Human in the Loop Is No Longer Enough for Legal AI

Human in the Loop Is No Longer Enough for Legal AI

For years, “human in the loop” has been one of the most reassuring phrases in AI governance. It sounds sensible, controlled and reassuring, particularly in legal work where most people are rightly uncomfortable with the idea of AI systems acting without human judgement somewhere in the process.

In legal AI, it has become almost a default answer to any concern about risk. Can the system make mistakes? Yes, but there’s a human in the loop. Could the output be wrong? Yes, but there’s a human in the loop. What about accountability, privilege, regulatory duties, professional judgement, client reliance, hallucinations, bias or misuse? Again, human in the loop.

The phrase does a lot of work, probably too much, because it now carries almost every concern people have about AI without forcing us to be precise about what the human is actually doing.

The issue is not that humans shouldn’t be involved. Of course they should. The issue is that the phrase has become so broad that it no longer tells us whether the human is reviewing an output, monitoring a system, approving an action, owning the process, or simply sitting somewhere nearby in a governance diagram.

That matters because legal AI is moving from isolated drafting tools into more agentic systems. Systems that retrieve information, make choices, trigger workflows, draft documents, escalate issues, update records, route tasks and interact with other systems. In that world, saying “there is a human in the loop” is not enough.

We need better language.


The comfort of the loop

The appeal of human in the loop is easy to understand. Most legal teams are not looking to remove human judgement from legal work. They are looking to use AI in a way that is safe, useful and proportionate, while still preserving the parts of legal work that genuinely require expertise, judgement, context and responsibility.

So the loop becomes a kind of governance shortcut. It suggests that AI is not acting alone, that a person remains involved, and that the machine assists while the human decides. That is true in some cases, particularly where a lawyer reviews a generated clause before it goes to a client, a knowledge lawyer checks an AI-produced summary before it enters a precedent bank, or a risk team approves an AI-generated regulatory response before submission.

The problem starts when the same phrase is used for much weaker forms of involvement. A person receiving a dashboard once a week is not in the same position as someone approving each output. A lawyer who can technically override a system, but does not have time to review the underlying reasoning, is not in the same position as someone making the decision themselves. A senior person who is “accountable” for a system they do not operate, monitor or understand is not meaningfully in the loop in any practical sense.

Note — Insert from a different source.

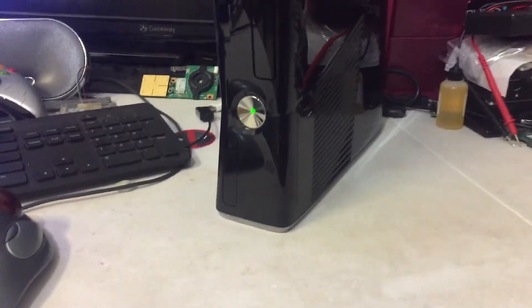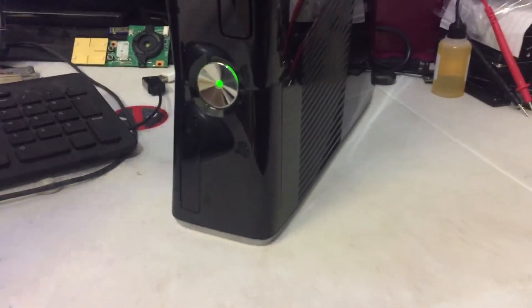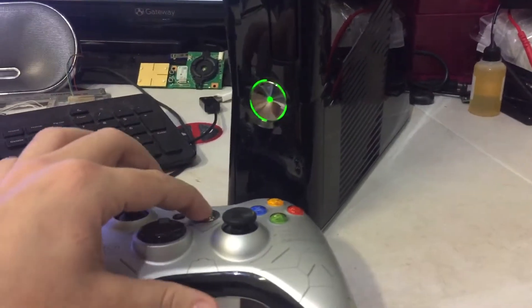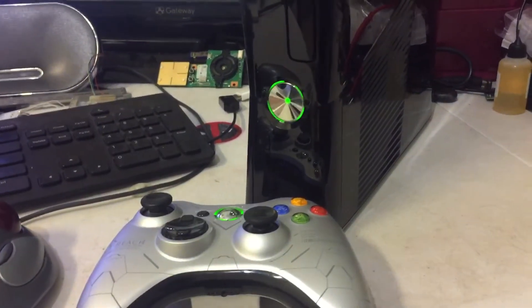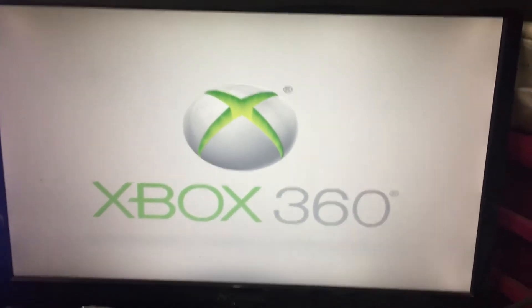Let's go ahead and power it on and it should — there you go — boot straight into e-launcher.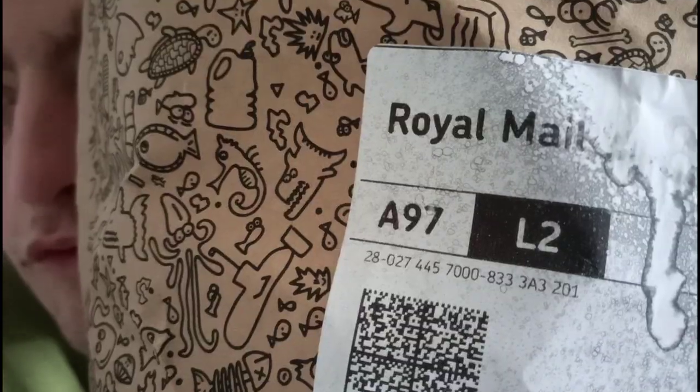Serious mode now — I have actually got a package from the Isle of Wight. It says Royal Mail right there. Okay well let's open it.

Those are different governance patterns. They carry different risks, require different controls and create different expectations for the people involved. Calling all of them human in the loop hides the thing we most need to understand.

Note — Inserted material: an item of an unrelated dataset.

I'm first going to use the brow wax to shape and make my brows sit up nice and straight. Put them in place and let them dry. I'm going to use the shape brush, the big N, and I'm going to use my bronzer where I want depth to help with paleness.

Why this matters more with agents

The weakness in the phrase becomes more obvious as AI systems become more agentic.

A traditional AI drafting tool has a relatively simple interaction pattern. The user asks for something, the model produces something, the user reviews it, then the user decides what to do next. That is not risk-free, but the shape of control is at least visible.

Agentic systems are different because they can break a task into steps, select tools, call APIs, search repositories, update records, draft messages, generate documents, recommend actions and pass work between systems. The human may not see every step. They may only see the end result. In some cases, they may only see exceptions.

That changes the governance question. It is no longer enough to ask whether a human is involved somewhere in the process. We need to ask where the human sits, what they can see, what they can stop, what they are expected to check, and what happens if they miss something.

A legal AI agent that prepares a first draft of an email is one thing. An agent that interprets a client instruction, identifies the relevant legal process, pulls matter data, decides which jurisdictional workflow applies, drafts documents and proposes filings is something else entirely. Both might be described as having a human in the loop, but that phrase tells us very little about the actual risk position.


The Loop framework

The Loop framework, that I produced, is a way of being more precise about human involvement in AI systems. It separates the broad idea of “human in the loop” into distinct governance patterns, so we can describe whether the human is reviewing work, monitoring a system, or carrying responsibility for the overall process.

The three patterns are:

  1. Human-in-the-Loop
  2. Human-on-the-Loop
  3. Human-accountable-for-the-Loop

Those distinctions may sound subtle, but they are important. Each role can be valid, and in many legal AI systems more than one will be needed, but they should not be treated as interchangeable.


Human-in-the-Loop

Human-in-the-Loop is the most direct form of involvement. The AI produces something, but a human reviews and approves the output before it has effect, meaning the human is part of the active workflow rather than just supervising it from a distance.

In legal work, this is often the most familiar model. A lawyer reviews a draft, a partner approves advice, a compliance officer signs off an escalation, or a legal operations specialist checks a workflow recommendation before it is implemented. This model makes sense where the output has legal, commercial or regulatory significance and where the human can realistically assess the work.

That last point matters more than we often admit. Human-in-the-Loop only works where the human has enough context, capability and time to review properly. If the system produces twenty outputs and the reviewer can only skim them, the governance model may exist on paper but not in practice.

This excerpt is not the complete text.